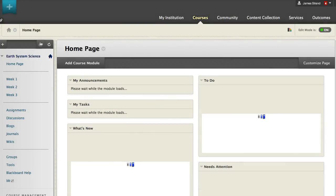The course menu link has been deleted. Next, we will look at the home page. This is the default start page for new courses, but instructors can change it.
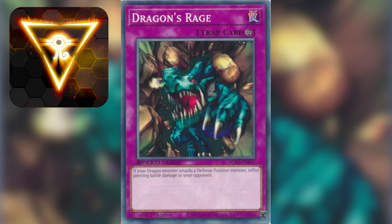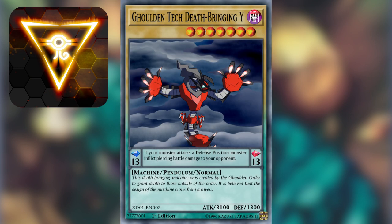Welcome to my tutorial about scripting custom cards for Edo Pro. Today, we are making a normal Pendulum Monster form of Dragon's Rage, similar to this monster.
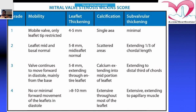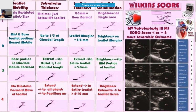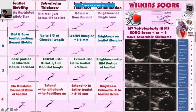Grade 4: Minimal forward movement of leaflets; quite significant leaflet thickening; extensive calcification present throughout most of the leaflet; subvalvular thickening extending up to the level of the papillary muscles. Please go through the slides showing how each grade appears visually — spending time on these will give you a lot of practical understanding.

Work order:
From the first line to the last, copy the listing above exactly and leave out the images.

Exercise solution:
The course menu link has been deleted. Next, we will look at the home page. This is the default start page for new courses, but instructors can change it.
Welcome to my tutorial about scripting custom cards for Edo Pro. Today, we are making a normal Pendulum Monster form of Dragon's Rage, similar to this monster.
Grade 4: Minimal forward movement of leaflets; quite significant leaflet thickening; extensive calcification present throughout most of the leaflet; subvalvular thickening extending up to the level of the papillary muscles. Please go through the slides showing how each grade appears visually — spending time on these will give you a lot of practical understanding.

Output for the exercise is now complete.